Date of Award


Document Type


Degree Name

Doctor of Philosophy (PhD)

First Reader

Richard A. Muller

Second Reader

Lyle D. Beirma

Third Reader

James A. De Jong

Fourth Reader

Herman J. Selderhuis


Sibrandus Lubbertus (1555-1625) was a German born Reformed theologian who spent most of his life teaching at the University of Franeker in Friesland, a northern region of the Netherlands. Among his publications, the most significant in size and importance were his disputational works, which used a polemical form to address controversial issues of the post-Reformation period in which he gave a robust defense of the Reformed position over and against the most influential voices of his day, whether they themselves were a more heterodox expression of Protestant theology or simply Roman Catholic. This dissertation examines the major treatises of Lubbertus, which were written to refute Robert Bellarmine, the great Jesuit apologist of the Roman Catholic Church during the Counter Reformation.
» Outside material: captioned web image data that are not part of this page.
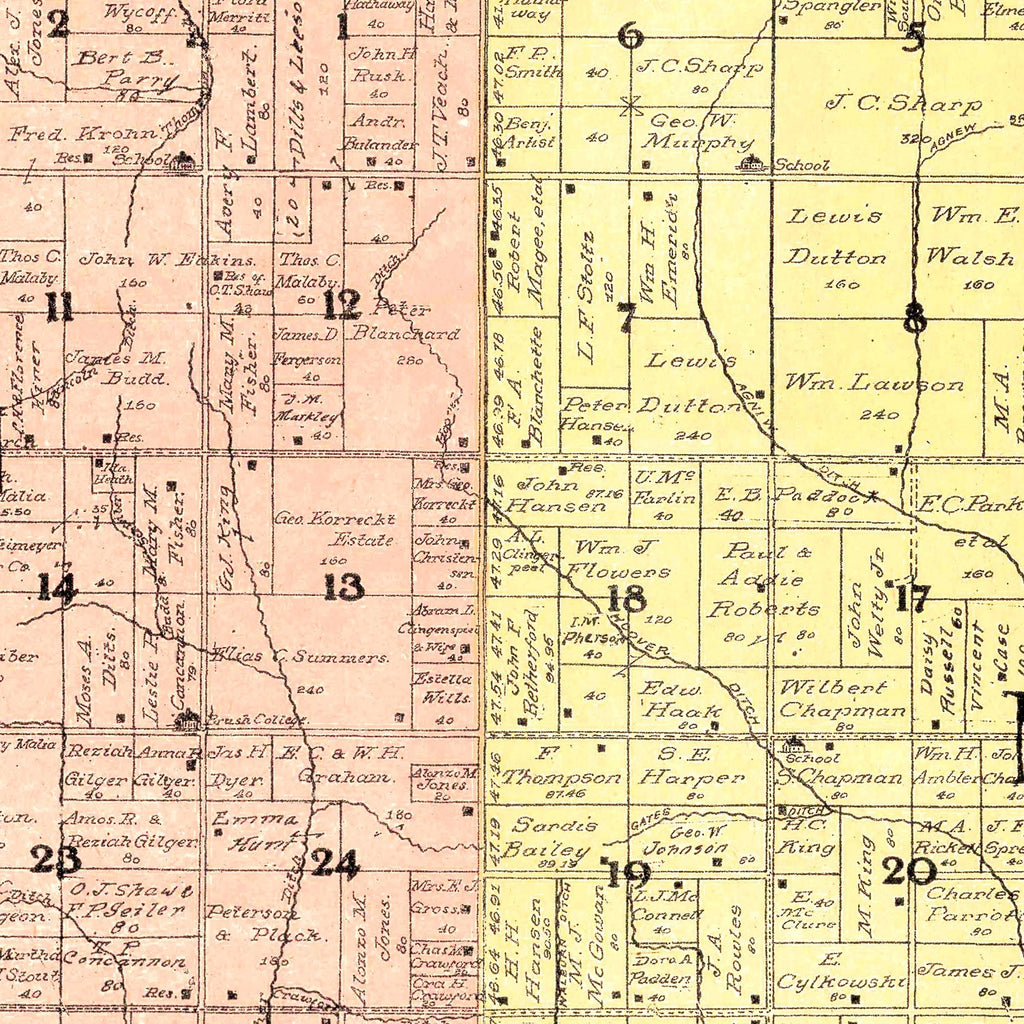 Vintage Map of Pulaski County, Indiana 1911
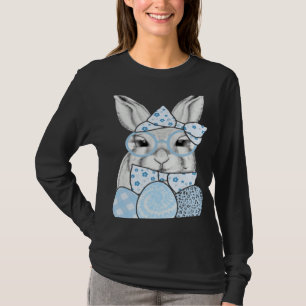 Gelukkige Pasen Cute Bunny Konijn Gezicht Tie Dye  T-shirt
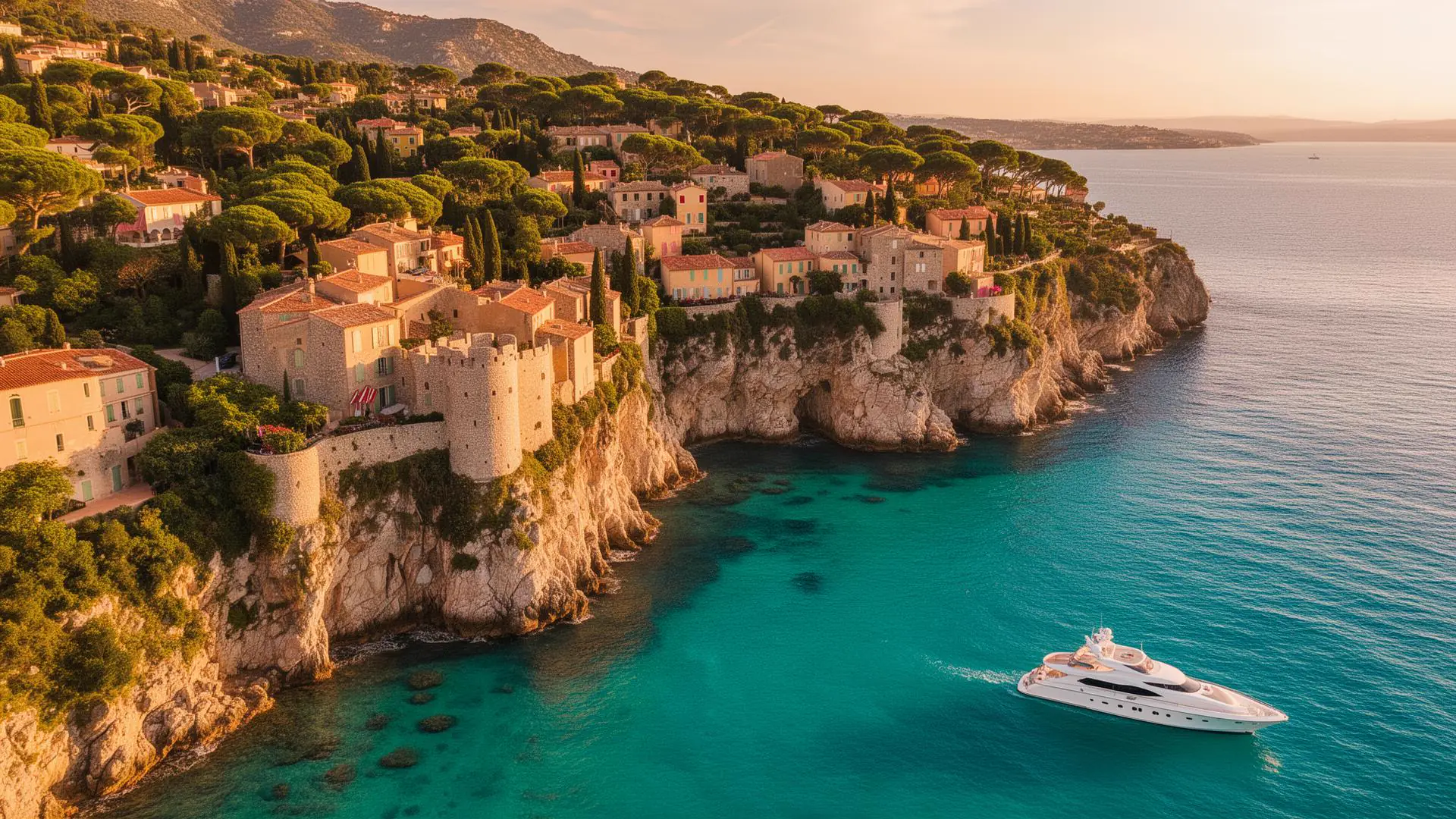 Aerial view of hidden coastal village on the French Riviera with turquoise sea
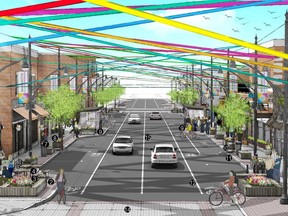 The proposed streetscape redesign for the Wyandotte Town Centre Business Improvement Area is pictured in this Architecttura Inc. rendering. (Courtesy of Architecttura Inc./Windsor Star)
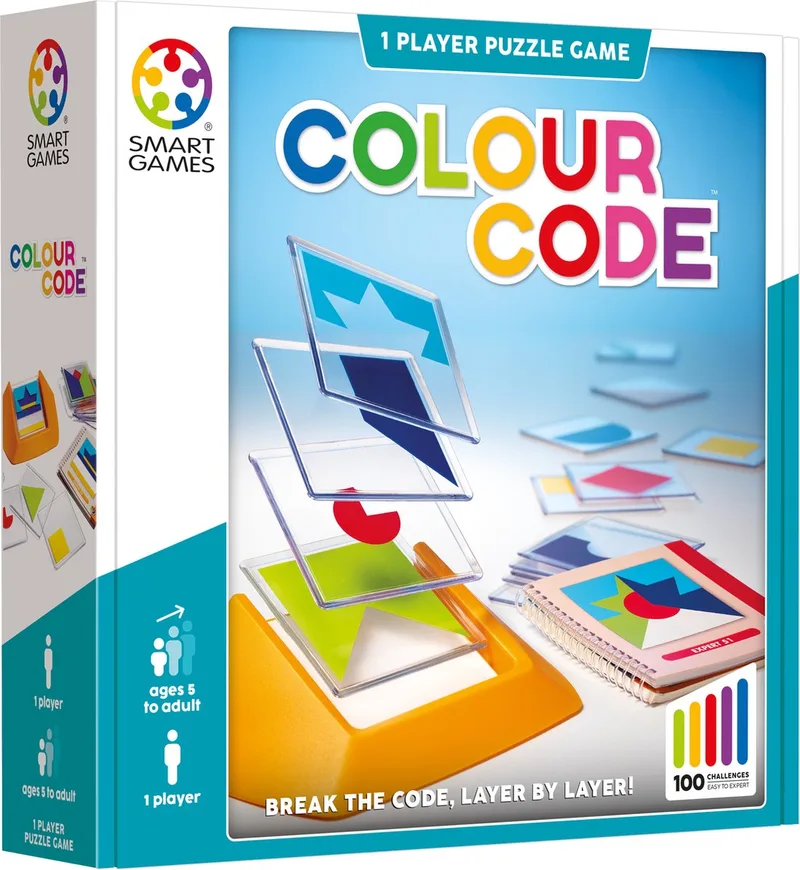 Colour Code - Logisch Denkspel - 100 Educatieve Vormen- & Kleurenuitdagingen - Solospel voor Kinderen & Volwassenen - Vanaf 5 Jaar van SmartGames – doos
Specifically, this dissertation argues that Lubbertus—who, in the past, has been largely ignored in both English and Dutch scholarship for being a mere polemicist—is important for the development of the Reformed tradition precisely because of his use of the polemical form to write about the doctrine of Scripture (prolegomena) and the doctrine of the church (ecclesiology). He wrote with particular influence on the topic of church councils, which brought together prolegomena and ecclesiology to address one of the long standing issues between Protestants and Catholics even into the seventeenth century—Who has the authority to settle controversies in the church once and for all? This research seeks to offer greater insight into the theology of Sibrandus Lubbertus, the theological genre of polemics in the post-Reformation period, and the ways Bellarmine’s challenge provided the occasion for the advancement of Reformed theology throughout the seventeenth century.